Incidents like this most recent one have gone on for a long time at Bryant, and it seems we are only addressing this one because someone put it on a platform. I am not just talking about race.  I am talking about general engagement with others. Can you say you have never seen anyone treat someone else poorly on campus for no reason? These violations of the ordinary love we should feel for one another occur too frequently and are rarely addressed. I am not calling for everyone to be best friends or act like they are family mebers. I am, however, suggesting that we finally start helping one another feel welcome in the place we all call, “home” in Smithfield, Rhode Island. The fact that there are people on this campus who feel and have felt they have nowhere to turn to at times of hardship proves we all have failed. 

We, as a community, must do more.
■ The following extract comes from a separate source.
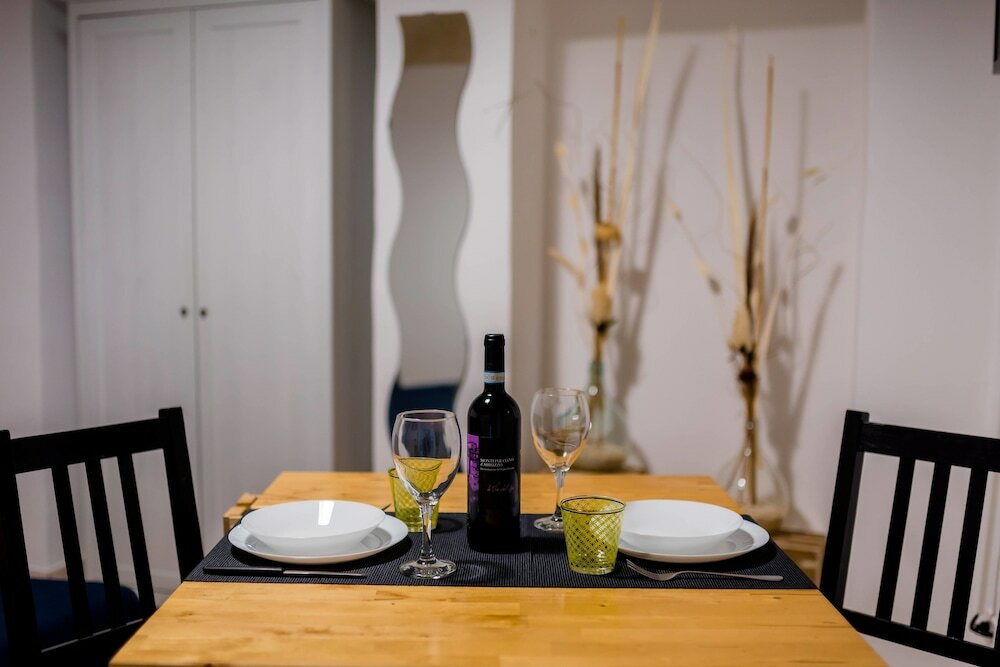 Фото La terrazza su Monopoli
We must respect and learn from one another because without doing so, there will be no change. We must continue to speak up in times where inequality is evidentBy doing this, we can disrupt harmful stereotypes and misconceptions people have of others. This struggle has been going on for far too long. It is incredibly unfortunate that we must continuously tell people that using words shrouded in so much hatred to refer to Black people is ignorant and unacceptable. Like many who have come before us, we are trying to improve the coexistence between people of ANY race or origin. Efforts by some of humanity’s brightest individuals have been put forth over hundreds of years, and will continue to be put forth, until we can say that our collective mission is accomplished. We will keep talking about racial inequality until it is no longer a problem. 

While we may be seeing, thinking, and feeling the effects of these kinds of issues here at school, we know that this problem is far greater than our campus. Our country needs to do better, the world needs to do better—but that starts here. Bryant University needs to do better. Bryant University CAN do better. We have to start improving in our own community first. Then, and only then, will we be able to spread this long overdue change. We cannot and will not be silent until there is a culture at Bryant of respect for others, no matter their background or the color of their skin. Bryant is OUR home. It is time we all felt welcome. 

Reflect. Reflect on yourself. There is always more to be learned. We all make mistakes, and rather than letting our pasts define us, we can see our errors and insensitivities as opportunities to improve. Our classmates are being affected by these words and messages, and it is up to us to ensure that everyone feels safe.  

We, as the Black community at Bryant want to see more. These recent situations are certainly not the first time that people on this campus and members of our community have been harmed by issues of race and racial prejudice. Perhaps try listening to someone’s story—many of your classmates have incredible ones to tell. Maybe try looking into the embattled history of our Black ancestors. Read news with a different eye, a different perspective. Attend even ONE Black History Month event. Maybe then you will finally begin to understand why it bothers us so much when you just say one word.